• What to work on
How do the lines below between the ones holding "ให้เช่าคอนโด เดอะรูม สาทร–ตากสิน" and "2016 Chrysler Town", inclusive, read? Give them again exactly, with no other lines.

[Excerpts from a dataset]
- Opening Delimiter -

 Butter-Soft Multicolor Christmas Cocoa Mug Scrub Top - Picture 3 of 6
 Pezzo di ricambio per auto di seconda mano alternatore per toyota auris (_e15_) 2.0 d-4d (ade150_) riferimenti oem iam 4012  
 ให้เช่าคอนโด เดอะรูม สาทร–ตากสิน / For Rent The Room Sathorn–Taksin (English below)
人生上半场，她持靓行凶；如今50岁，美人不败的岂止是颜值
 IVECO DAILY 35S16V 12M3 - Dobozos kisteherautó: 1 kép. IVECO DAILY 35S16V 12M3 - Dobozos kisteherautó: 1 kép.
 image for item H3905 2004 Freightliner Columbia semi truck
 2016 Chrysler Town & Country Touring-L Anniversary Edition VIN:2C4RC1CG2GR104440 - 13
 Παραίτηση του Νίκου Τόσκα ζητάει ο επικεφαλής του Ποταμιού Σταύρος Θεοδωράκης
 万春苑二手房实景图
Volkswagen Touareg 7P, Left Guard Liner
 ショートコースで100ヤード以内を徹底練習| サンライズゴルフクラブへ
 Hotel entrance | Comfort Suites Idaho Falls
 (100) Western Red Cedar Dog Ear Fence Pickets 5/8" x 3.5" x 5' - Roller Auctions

- Closing Delimiter -

• Exercise solution
 ให้เช่าคอนโด เดอะรูม สาทร–ตากสิน / For Rent The Room Sathorn–Taksin (English below)
人生上半场，她持靓行凶；如今50岁，美人不败的岂止是颜值
 IVECO DAILY 35S16V 12M3 - Dobozos kisteherautó: 1 kép. IVECO DAILY 35S16V 12M3 - Dobozos kisteherautó: 1 kép.
 image for item H3905 2004 Freightliner Columbia semi truck
 2016 Chrysler Town & Country Touring-L Anniversary Edition VIN:2C4RC1CG2GR104440 - 13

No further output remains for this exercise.